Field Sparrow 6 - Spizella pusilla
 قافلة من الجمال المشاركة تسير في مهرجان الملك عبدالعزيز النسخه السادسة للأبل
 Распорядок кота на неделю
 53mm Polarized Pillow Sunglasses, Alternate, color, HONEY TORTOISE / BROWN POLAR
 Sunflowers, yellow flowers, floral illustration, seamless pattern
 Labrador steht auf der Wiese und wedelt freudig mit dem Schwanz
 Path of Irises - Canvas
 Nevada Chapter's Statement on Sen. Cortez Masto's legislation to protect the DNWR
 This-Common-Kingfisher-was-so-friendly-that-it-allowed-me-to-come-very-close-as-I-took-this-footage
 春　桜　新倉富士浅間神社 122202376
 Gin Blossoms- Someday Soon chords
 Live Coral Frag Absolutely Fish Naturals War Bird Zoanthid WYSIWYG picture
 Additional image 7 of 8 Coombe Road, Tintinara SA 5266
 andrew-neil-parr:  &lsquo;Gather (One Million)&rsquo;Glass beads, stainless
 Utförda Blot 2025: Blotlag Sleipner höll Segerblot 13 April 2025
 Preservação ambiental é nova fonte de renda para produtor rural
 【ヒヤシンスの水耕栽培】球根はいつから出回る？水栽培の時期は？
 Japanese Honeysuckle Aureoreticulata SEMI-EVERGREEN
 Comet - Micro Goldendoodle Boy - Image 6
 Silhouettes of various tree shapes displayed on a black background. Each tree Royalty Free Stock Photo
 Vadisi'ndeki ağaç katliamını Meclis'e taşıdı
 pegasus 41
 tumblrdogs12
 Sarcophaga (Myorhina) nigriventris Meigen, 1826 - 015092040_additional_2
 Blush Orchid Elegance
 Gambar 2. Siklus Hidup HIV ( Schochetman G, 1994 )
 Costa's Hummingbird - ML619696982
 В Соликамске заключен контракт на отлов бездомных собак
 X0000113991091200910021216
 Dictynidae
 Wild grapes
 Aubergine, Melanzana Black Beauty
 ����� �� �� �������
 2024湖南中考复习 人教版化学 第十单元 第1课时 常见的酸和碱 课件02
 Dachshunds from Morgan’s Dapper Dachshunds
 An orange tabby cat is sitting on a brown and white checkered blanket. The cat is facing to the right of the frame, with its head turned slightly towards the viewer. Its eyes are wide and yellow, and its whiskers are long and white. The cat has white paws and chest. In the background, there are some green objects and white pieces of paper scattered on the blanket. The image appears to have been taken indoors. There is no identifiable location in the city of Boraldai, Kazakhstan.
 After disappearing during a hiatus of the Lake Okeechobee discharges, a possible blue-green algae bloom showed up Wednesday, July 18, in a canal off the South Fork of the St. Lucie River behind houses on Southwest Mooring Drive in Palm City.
....
# ASSIGNMENT:
Return, with no change at all, every line in the entries above from the line containing "Preservação ambiental é" through the line containing "An orange tabby".

# SOLUTION TO THIS EXERCISE:
 Preservação ambiental é nova fonte de renda para produtor rural
 【ヒヤシンスの水耕栽培】球根はいつから出回る？水栽培の時期は？
 Japanese Honeysuckle Aureoreticulata SEMI-EVERGREEN
 Comet - Micro Goldendoodle Boy - Image 6
 Silhouettes of various tree shapes displayed on a black background. Each tree Royalty Free Stock Photo
 Vadisi'ndeki ağaç katliamını Meclis'e taşıdı
 pegasus 41
 tumblrdogs12
 Sarcophaga (Myorhina) nigriventris Meigen, 1826 - 015092040_additional_2
 Blush Orchid Elegance
 Gambar 2. Siklus Hidup HIV ( Schochetman G, 1994 )
 Costa's Hummingbird - ML619696982
 В Соликамске заключен контракт на отлов бездомных собак
 X0000113991091200910021216
 Dictynidae
 Wild grapes
 Aubergine, Melanzana Black Beauty
 ����� �� �� �������
 2024湖南中考复习 人教版化学 第十单元 第1课时 常见的酸和碱 课件02
 Dachshunds from Morgan’s Dapper Dachshunds
 An orange tabby cat is sitting on a brown and white checkered blanket. The cat is facing to the right of the frame, with its head turned slightly towards the viewer. Its eyes are wide and yellow, and its whiskers are long and white. The cat has white paws and chest. In the background, there are some green objects and white pieces of paper scattered on the blanket. The image appears to have been taken indoors. There is no identifiable location in the city of Boraldai, Kazakhstan.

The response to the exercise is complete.